## AIM OF THE EXERCISE
Which lines of the entries contain the string "oficinas"? Please find them and copy them.

## RECORDS FOR PROCESSING
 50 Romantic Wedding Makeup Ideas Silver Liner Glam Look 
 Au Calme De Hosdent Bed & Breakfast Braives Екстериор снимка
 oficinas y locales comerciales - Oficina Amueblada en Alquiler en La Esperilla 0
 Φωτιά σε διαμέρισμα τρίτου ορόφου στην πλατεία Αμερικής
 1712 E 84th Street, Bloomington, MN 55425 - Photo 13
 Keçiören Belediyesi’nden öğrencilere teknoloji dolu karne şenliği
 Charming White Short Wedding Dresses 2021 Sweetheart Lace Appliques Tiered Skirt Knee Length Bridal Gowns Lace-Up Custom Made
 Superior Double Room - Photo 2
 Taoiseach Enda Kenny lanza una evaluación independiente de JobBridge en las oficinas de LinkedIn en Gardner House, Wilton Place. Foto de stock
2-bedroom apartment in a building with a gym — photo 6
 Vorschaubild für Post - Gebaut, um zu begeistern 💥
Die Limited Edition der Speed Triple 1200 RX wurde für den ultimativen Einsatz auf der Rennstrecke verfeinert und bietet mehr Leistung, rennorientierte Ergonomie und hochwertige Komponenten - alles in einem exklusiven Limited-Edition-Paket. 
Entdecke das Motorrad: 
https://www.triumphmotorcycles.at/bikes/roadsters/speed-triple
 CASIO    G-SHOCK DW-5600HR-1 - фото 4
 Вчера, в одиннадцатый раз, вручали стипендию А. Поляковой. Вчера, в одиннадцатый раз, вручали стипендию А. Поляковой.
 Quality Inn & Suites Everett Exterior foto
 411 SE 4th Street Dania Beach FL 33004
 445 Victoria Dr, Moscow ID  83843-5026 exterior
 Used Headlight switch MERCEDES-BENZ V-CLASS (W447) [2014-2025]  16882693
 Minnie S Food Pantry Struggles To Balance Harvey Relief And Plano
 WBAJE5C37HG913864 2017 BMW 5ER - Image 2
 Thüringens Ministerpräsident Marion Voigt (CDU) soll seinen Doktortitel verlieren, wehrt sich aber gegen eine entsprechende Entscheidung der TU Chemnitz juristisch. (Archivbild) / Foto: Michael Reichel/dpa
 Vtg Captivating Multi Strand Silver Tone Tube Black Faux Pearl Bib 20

## ANSWER TO THE EXERCISE
 oficinas y locales comerciales - Oficina Amueblada en Alquiler en La Esperilla 0
 Taoiseach Enda Kenny lanza una evaluación independiente de JobBridge en las oficinas de LinkedIn en Gardner House, Wilton Place. Foto de stock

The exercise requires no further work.